Actors and Their Histories

I'm part of the aging cohort of subscribers to the Huntington Theater, one of our local theater companies.  Huntington productions are often worthy, and occasionally appalling--but not in a good way (newer playwrights sometimes give the impression of never having actually seen a play--but I'll have to deal with those experiences at a later time).  Last night was Emlyn Williams's The Corn is Green, a self-congratulatory autobiographical play of literary education that managed to be both earnest and creepy.  It dates from the 1930s, when there were a lot of stages to fill, and a lot of plays written to fill them, and a lot of people who took them seriously.

It starred Kate Burton (Richard Burton's daughter), and her son.  Richard Burton was Welsh, the play is set in Wales, so Kate and her son spoke of their Welsh heritage, their visits to Wales, etc.

Last time I saw Kate Burton on the Huntington stage, she was in an excellent production of Hedda Gabler.  I don't recall her mentioning her Norwegian heritage then.
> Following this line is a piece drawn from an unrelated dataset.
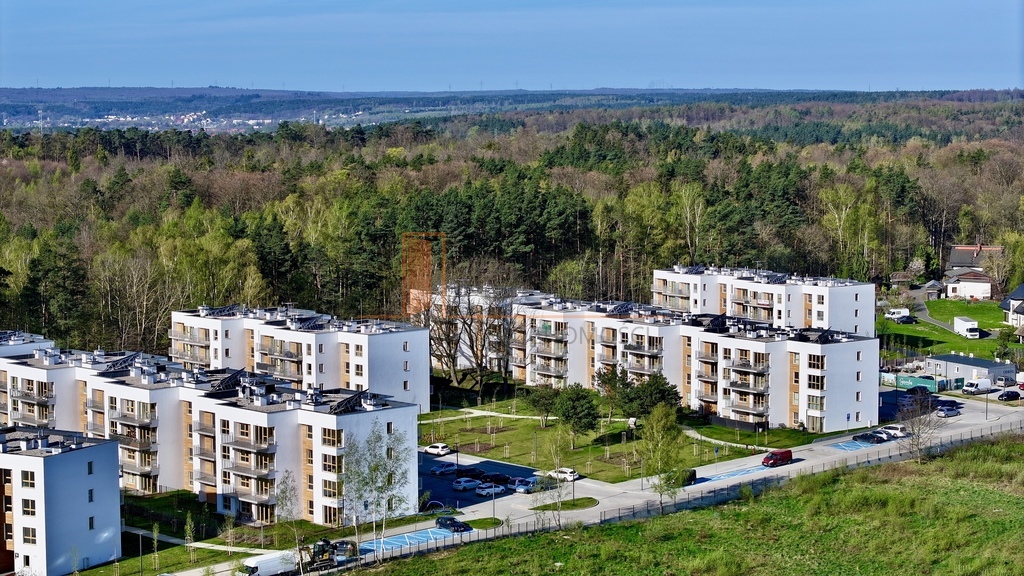 4-pokojowe | balkon | kupujący nie płaci 2%pcc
I would love to see an actor in one of these things not mention the heritage, the teacher, the experience in youth, or the neighbor that connects them to the play, but admit that they are actors, and that their personal background is completely irrelevant to their performance.  It is their skill and talent that makes them successful, and it is the author's words that connect them, and us, to the play.

But then what would the busy graduate students who probably write these things do with their time?  And what would I be doing while waiting for scene changes?